HAVANA (AP) _ Cuban officials have accused Czech diplomats of taking money from anti-Castro groups and the United States to aid dissidents in Cuba _ and they called Czech President Vaclav Havel a ``fabricated dissident.″

The Wednesday night attack came in response to a Czech resolution approved Tuesday by the U.N. Human Rights Commission in Geneva.

The resolution criticized Cuba’s human rights record, and it follows a government-organized protest march past the Czech embassy on Tuesday. Cuban news media said 200,000 people attended _ up from the 100,000 that were predicted.

In Prague, a Czech Foreign Ministry spokesman called the Cuban allegations ``total nonsense.″

``We firmly dismiss the Cuban allegations,″ Czech Foreign Ministry spokesman Ales Pospisil told The Associated Press. ``Neither the Czech charge d’affaires nor his deputy are doing any subversive action.

``The Cuban allegations are an obvious reaction to the Czech-sponsored U.N. resolution, which, however, was an offer for a dialogue from our side.

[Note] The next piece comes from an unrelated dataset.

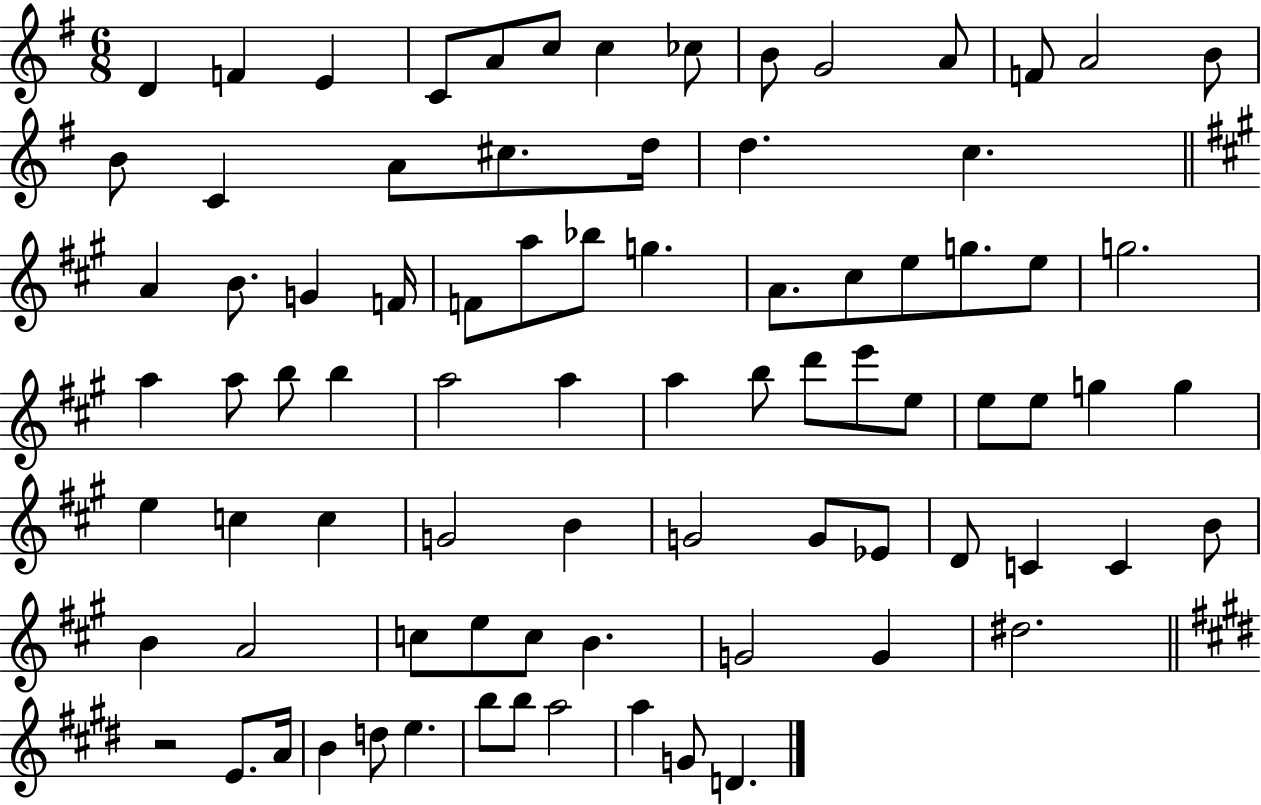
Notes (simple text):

D4/q F4/q E4/q C4/e A4/e C5/e C5/q CES5/e B4/e G4/h A4/e F4/e A4/h B4/e B4/e C4/q A4/e C#5/e. D5/s D5/q. C5/q. A4/q B4/e. G4/q F4/s F4/e A5/e Bb5/e G5/q. A4/e. C#5/e E5/e G5/e. E5/e G5/h. A5/q A5/e B5/e B5/q A5/h A5/q A5/q B5/e D6/e E6/e E5/e E5/e E5/e G5/q G5/q E5/q C5/q C5/q G4/h B4/q G4/h G4/e Eb4/e D4/e C4/q C4/q B4/e B4/q A4/h C5/e E5/e C5/e B4/q. G4/h G4/q D#5/h. R/h E4/e. A4/s B4/q D5/e E5/q. B5/e B5/e A5/h A5/q G4/e D4/q.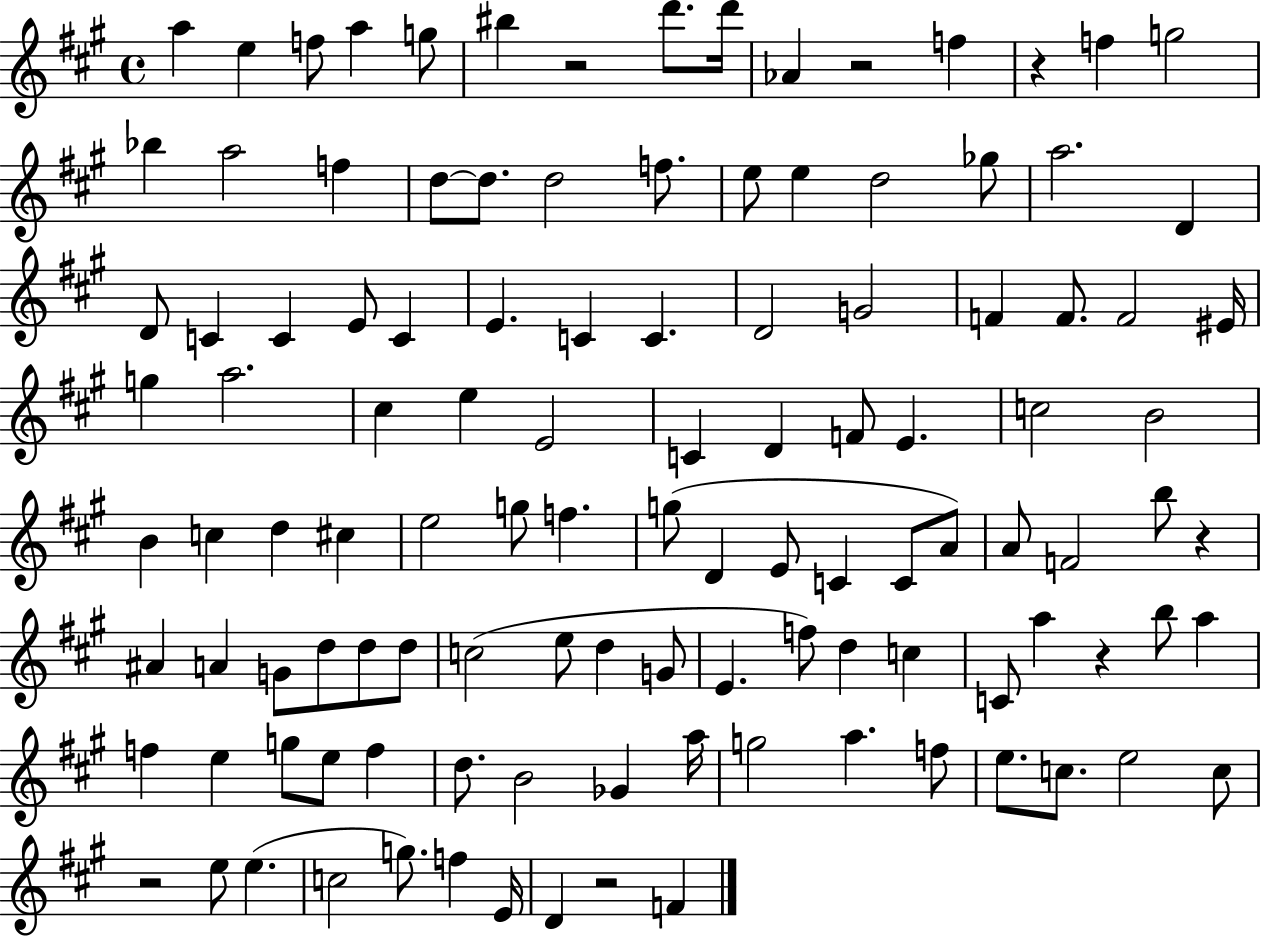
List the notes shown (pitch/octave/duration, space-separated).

A5/q E5/q F5/e A5/q G5/e BIS5/q R/h D6/e. D6/s Ab4/q R/h F5/q R/q F5/q G5/h Bb5/q A5/h F5/q D5/e D5/e. D5/h F5/e. E5/e E5/q D5/h Gb5/e A5/h. D4/q D4/e C4/q C4/q E4/e C4/q E4/q. C4/q C4/q. D4/h G4/h F4/q F4/e. F4/h EIS4/s G5/q A5/h. C#5/q E5/q E4/h C4/q D4/q F4/e E4/q. C5/h B4/h B4/q C5/q D5/q C#5/q E5/h G5/e F5/q. G5/e D4/q E4/e C4/q C4/e A4/e A4/e F4/h B5/e R/q A#4/q A4/q G4/e D5/e D5/e D5/e C5/h E5/e D5/q G4/e E4/q. F5/e D5/q C5/q C4/e A5/q R/q B5/e A5/q F5/q E5/q G5/e E5/e F5/q D5/e. B4/h Gb4/q A5/s G5/h A5/q. F5/e E5/e. C5/e. E5/h C5/e R/h E5/e E5/q. C5/h G5/e. F5/q E4/s D4/q R/h F4/q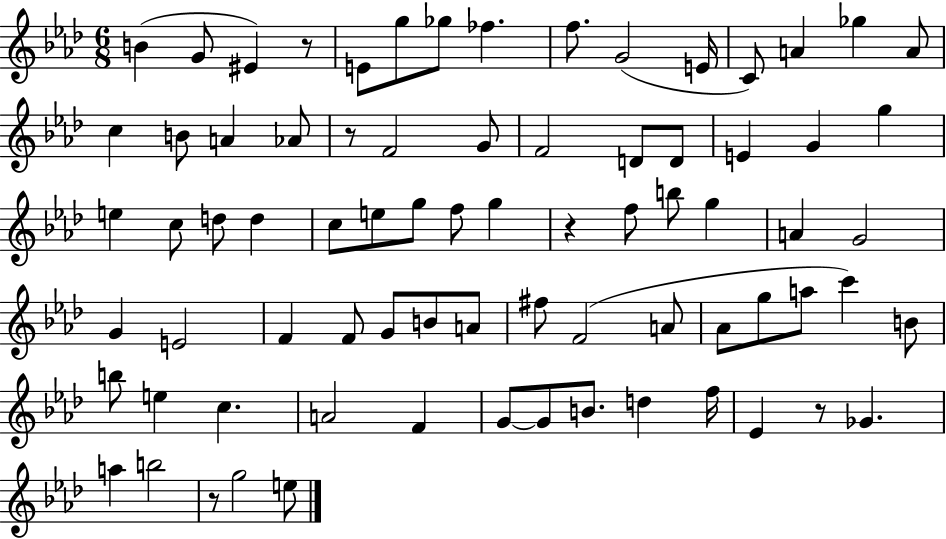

It wasn’t an act of hostility.″

With President Fidel Castro in the audience, Cuban state television broadcast officials and reporters of official news media denouncing Czech officials as ``lackeys″ of the United States.

Manuel Hevia, identified as a legal expert, read summaries of security dossiers on Czech diplomats in Cuba since 1989, when the European country threw off its communist government.

Repeatedly citing names and dates, Hevia described meetings between Czech diplomats and Cuban dissidents, accusing the diplomats of passing cash, computers, propaganda and other supplies to ``anti-revolutionary ringleaders″ on behalf of anti-Castro activists in Florida.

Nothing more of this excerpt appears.